Towards Generic Deobfuscation of Windows API Calls

Vadim Kotov,Michael Wojnowicz
DOI: https://doi.org/10.48550/arXiv.1802.04466
2020-12-06
Abstract:A common way to get insight into a malicious program's functionality is to look at which API functions it calls. To complicate the reverse engineering of their programs, malware authors deploy API obfuscation techniques, hiding them from analysts' eyes and anti-malware scanners. This problem can be partially addressed by using dynamic analysis; that is, by executing a malware sample in a controlled environment and logging the API calls. However, malware that is aware of virtual machines and sandboxes might terminate without showing any signs of malicious behavior. In this paper, we introduce a static analysis technique allowing generic deobfuscation of Windows API calls. The technique utilizes symbolic execution and hidden Markov models to predict API names from the arguments passed to the API functions. Our best prediction model can correctly identify API names with 87.60% accuracy.
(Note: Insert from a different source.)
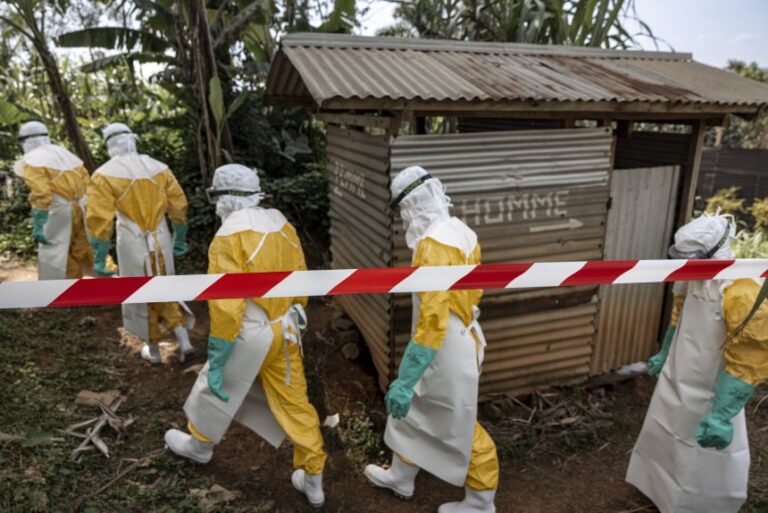 Doctors Without Borders teams wearing full protective equipment reinforce perimeter barriers around a restricted Ebola isolation zone and basic hygiene facilities, including toilets designated for suspected Ebola patients, at the General Referral Hospital of Mongbwalu on May 26, in Mongbwalu, Democratic Republic of Congo.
Cryptography and Security,Applications
What problem does this paper attempt to address?
The problem that this paper attempts to solve is the obfuscation of API calls in malware. Specifically, in order to increase the difficulty of reverse engineering, malware developers will use various techniques to hide or obfuscate API calls in the program, making it difficult for analysts to directly obtain information about these API calls through static analysis. This poses a challenge to anti - malware scanners and security analysts, because understanding which API functions a malicious program calls can provide important clues about its functionality. To solve this problem, the paper proposes a static analysis technique aimed at achieving general de - obfuscation of Windows API calls. This technique uses symbolic execution and Hidden Markov Models (HMMs) to predict API function names. The specific method is to infer the name of the API function from the parameters passed to the API function, thereby bypassing the obfuscation barriers set by malware authors. The main contribution of the paper lies in developing an automated method that can predict the obfuscated API function names with high accuracy by analyzing the parameters passed during API calls. Experimental results show that, in the case where the number of parameters is known, the prediction accuracy of this method is 73.18%, and in the case where the number of parameters is unknown, the accuracy is increased to 87.60%. This result is of great significance for improving the efficiency and accuracy of malware analysis.